In fact, mobile gaming is taking off worldwide as many more top-notch games are made playable on phones and portable gaming consoles such as the Nintendo Switch. Though most people do not own a Switch console, the vast majority of people own smartphones. The rise of smartphone gaming is benefiting Zynga (ZNGA) and Glu Mobile (GLUU).
Let’s take a look at both stocks to determine which is better for your portfolio.
The Analysts are Bullish on ZNGA and GLUU
The analysts who have performed an in-depth analysis of these gaming companies agree the future looks fantastic for both, mainly because mobile is the fastest-growing gaming industry segment. Analysts have set an average price target of $12.31 for ZYNGA, meaning it has a potential 23% upside. Each of the nine analysts who cover the stock recommends it as a “Buy,” which is certainly a positive for the company. Analysts have set an average price target of $12.33 for GLUU, indicating the stock has a potential upside of 30%.
The POWR Ratings show GLUU has an “A” grade in the Trade Grade and Industry Rank components. GLUU also has a “B” grade in the Buy & Hold Grade component. Of the 15 stocks in the Entertainment – Toys & Video Games industry, GLUU is ranked ninth. ZNGA’s POWR Ratings are even better, highlighted by an “A” grade in the Industry Rank and Trade Grade components along with a “B” Buy & Hold Grade. ZNGA is ranked eighth in the same industry.
What About the Games?
Let’s cut to the chase. The quality of ZNGA and GLUU games will ultimately determine which of these stocks emerges as the winner. However, if you are like most investors, you don’t spend an abundance of time playing mobile games on your smartphone. Even if you are a non-gamer or only play games from time to time, you will have likely heard of one of ZNGA’s top titles, Words With Friends.

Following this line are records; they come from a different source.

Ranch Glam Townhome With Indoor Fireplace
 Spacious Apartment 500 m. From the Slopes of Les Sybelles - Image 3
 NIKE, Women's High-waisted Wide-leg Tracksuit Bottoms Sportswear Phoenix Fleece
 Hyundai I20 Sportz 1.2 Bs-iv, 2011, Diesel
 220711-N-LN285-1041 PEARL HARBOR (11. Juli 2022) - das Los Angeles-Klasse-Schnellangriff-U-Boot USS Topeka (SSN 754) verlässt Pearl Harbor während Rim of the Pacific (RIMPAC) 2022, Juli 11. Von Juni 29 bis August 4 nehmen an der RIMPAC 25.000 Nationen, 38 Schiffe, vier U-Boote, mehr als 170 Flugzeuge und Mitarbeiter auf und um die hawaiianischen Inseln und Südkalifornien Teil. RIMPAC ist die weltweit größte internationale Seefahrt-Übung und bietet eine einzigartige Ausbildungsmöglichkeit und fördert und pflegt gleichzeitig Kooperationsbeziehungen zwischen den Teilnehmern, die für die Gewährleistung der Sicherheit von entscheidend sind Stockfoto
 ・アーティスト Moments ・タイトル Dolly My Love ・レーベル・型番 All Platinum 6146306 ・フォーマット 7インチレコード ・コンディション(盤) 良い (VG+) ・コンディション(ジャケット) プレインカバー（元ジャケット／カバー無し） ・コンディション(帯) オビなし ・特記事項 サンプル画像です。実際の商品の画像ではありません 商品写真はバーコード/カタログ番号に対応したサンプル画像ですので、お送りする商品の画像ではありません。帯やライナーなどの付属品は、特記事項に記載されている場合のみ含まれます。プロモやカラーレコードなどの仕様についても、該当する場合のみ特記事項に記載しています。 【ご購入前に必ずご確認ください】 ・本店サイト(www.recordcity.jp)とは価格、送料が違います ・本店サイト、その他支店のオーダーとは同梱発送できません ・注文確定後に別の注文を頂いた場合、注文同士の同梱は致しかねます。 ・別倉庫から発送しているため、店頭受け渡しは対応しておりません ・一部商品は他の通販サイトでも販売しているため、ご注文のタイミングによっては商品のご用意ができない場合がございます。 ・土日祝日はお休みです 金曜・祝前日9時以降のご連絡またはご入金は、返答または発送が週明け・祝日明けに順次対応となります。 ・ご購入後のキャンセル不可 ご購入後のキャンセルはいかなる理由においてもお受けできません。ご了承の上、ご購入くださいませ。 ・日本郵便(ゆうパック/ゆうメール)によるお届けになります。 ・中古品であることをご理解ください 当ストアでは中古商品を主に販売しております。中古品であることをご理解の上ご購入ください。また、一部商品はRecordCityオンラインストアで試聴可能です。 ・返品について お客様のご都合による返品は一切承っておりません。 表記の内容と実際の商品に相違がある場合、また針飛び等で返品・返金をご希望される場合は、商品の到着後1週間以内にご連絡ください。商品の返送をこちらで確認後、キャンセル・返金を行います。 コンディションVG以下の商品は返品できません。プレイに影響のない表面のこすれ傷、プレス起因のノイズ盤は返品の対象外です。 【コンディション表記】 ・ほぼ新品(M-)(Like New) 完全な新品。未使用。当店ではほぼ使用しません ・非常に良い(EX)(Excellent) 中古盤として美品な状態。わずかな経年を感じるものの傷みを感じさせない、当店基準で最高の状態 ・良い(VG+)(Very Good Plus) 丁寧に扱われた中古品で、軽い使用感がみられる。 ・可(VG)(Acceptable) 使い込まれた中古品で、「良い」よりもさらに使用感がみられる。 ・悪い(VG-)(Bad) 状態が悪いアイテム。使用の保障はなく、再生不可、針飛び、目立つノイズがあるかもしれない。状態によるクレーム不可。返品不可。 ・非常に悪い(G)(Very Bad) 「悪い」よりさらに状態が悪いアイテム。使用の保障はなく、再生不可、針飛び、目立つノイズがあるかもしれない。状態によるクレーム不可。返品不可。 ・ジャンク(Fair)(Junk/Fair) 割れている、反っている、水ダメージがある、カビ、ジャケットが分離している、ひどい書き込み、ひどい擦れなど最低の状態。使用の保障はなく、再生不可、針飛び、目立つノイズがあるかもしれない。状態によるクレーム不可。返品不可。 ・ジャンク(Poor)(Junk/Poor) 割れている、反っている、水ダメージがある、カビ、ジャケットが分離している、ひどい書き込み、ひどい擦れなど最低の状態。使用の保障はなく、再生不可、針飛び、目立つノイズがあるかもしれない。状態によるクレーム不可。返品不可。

Other ZNGA titles include Empires & Puzzles, CSR Racing, Zynga Poker, and Merge Dragons. Add in the fact that ZNGA personnel is hard at work, creating a new studio to develop Star Wars games, and you have all the more reason to be bullish about the stock’s future.
GLUU’s games are not as popular as ZNGA’s, yet still have their merits. GLUU titles include Tap Sports Baseball, Covet Fashion, Diner Dash Adventures, Disney Sorcerer’s Arena, and Design Home. The alliance with Disney (DIS) certainly bodes well for GLUU. However, at this point, ZNGA has a slightly superior collection of games.
Which is the Better Value?
ZNGA currently has a forward P/E ratio of 26.42, indicating the stock might be slightly overvalued at its current trading price of around $10. It is particularly interesting to note ZNGA is less than 75 cents away from its 52-week high of $10.69, a price point that could be easily surpassed as the upcoming holiday season unfolds.
GLUU’s forward P/E ratio is slightly lower at 23.58. GLUU is $1.30 away from its 52-week high of $10.85. The stock is currently trading at more than double its 52-week low mark of $3.98.
Take a look at ZNGA’s one-year chart, and you will find it appears as though the stock has established a price floor at $7.90. The stock bounced back up to $10 after hitting this floor last month. GLUU appears to have established a price floor at $6.90. The stock dropped to this floor in November and popped right back to life, soaring slightly above $10 across the next month.
The Verdict
The better of these two mobile gaming stocks might end up being the one that makes the most prudent acquisitions moving forward. ZNGA’s purchase of Peak Games brings Toy Blast and Toon Blast games into the fold. Though the deal set ZNGA back nearly $2 billion, the move will likely boost the company’s mobile user base by over 60%.
GLUU CEO Nick Earl has stated the company has ample capital available for potential acquisitions. There is always a chance that DIS makes a move to acquire GLUU following the tandem’s successful collaboration on the Disney Sorcerer’s Arena, as noted above. However, it is much more likely that GLUU will acquire smaller gaming companies to expand its library of games.
In the end, investors could consider adding both ZNGA and GLUU to their portfolios. However, if you have to choose one of these two mobile gaming powerhouses, ZNGA appears to be the better choice, primarily because its games are more popular and have broader appeal than those offered by GLUU.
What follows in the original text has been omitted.